I don't recall ever eating leftovers and I have no plan to start. Again, I have no explanation as to why. I believe that I may have some texture issues however; not sure that this is related to the left overs (it is related to the mayo type looking stuff).

I have issues................

Don't worry I have a thing with leftovers too. I usually eat sausage penne, beef stew or some kind of pasta leftover but I won't eat anything else like pizza, fish plate or meat the next day. I will eat leftovers if family makes them but will not eat leftovers from other people. I usually cook enough food for there not to be leftovers.
 
I don't really eat leftover, but I also don't cook in a way that leaves them.
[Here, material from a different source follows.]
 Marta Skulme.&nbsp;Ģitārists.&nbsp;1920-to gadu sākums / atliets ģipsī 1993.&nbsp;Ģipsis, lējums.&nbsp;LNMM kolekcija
There are a few excpetions, soup being one of them. But i just simply do not cook "too much" food, so there are no leftovers.
 
I end up throwing out a lot of leftovers because, quite frankly, I have no idea how long they are safe to eat when left in the refrigerator. Occasionally, I toss something I know we won't go back to right away in the freezer---but then I don't know how long it stays fresh there either.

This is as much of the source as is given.